Opposition parties say the scandal shows how graft and cronyism have flourished under Mr Vucic and highlights the “state capture” of the judiciary, prompting them to threaten to boycott next year’s parliamentary elections.

“I know the truth about the arms trade and they know that well,” Mr Obradovic said of government officials who have denounced him.

“And the truth is so clear, simple and, I’m afraid, dangerous and painful for all of them,” he told the Danas newspaper in an interview published on Tuesday.

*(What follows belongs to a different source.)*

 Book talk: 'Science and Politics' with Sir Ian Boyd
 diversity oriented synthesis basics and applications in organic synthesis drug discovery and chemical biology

This shows that the judiciary is being abused to serve the regime of president Aleksandar Vucic

Serbian prime minister Ana Brnabic said on Sunday that Mr Obradovic was not a whistleblower because he had not complained to the Serbian authorities but leaked documents to a Bulgarian portal called Arms Watch, while on Tuesday Mr Vulin said the affair was "not a scandal but an operation", hinting at the involvement of a foreign intelligence agency.

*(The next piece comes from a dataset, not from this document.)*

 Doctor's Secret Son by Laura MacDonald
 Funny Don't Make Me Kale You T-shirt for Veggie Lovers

Mr Obradovic told the Balkan Insight news service in October that he had tried to tell Krusik executives and trade unions about the alleged wrongdoing, but did not trust the state authorities to deal with it.

Plagiarised

Mr Stefanovic rejects the claims about his father and appears to remain close to Mr Vucic, who also refused to sack his finance minister and friend Sinisa Mali when Belgrade University ruled last month that he had plagiarised his doctoral thesis.

"Despite glaring evidence of widespread corruption, the only response from the public prosecutor has been to place the scandal's whistleblower . . . in custody," Serbian opposition leaders Dragan Djilas, Nebojsa Zelenovic and Dejan Nikolic said in an opinion piece on Tuesday.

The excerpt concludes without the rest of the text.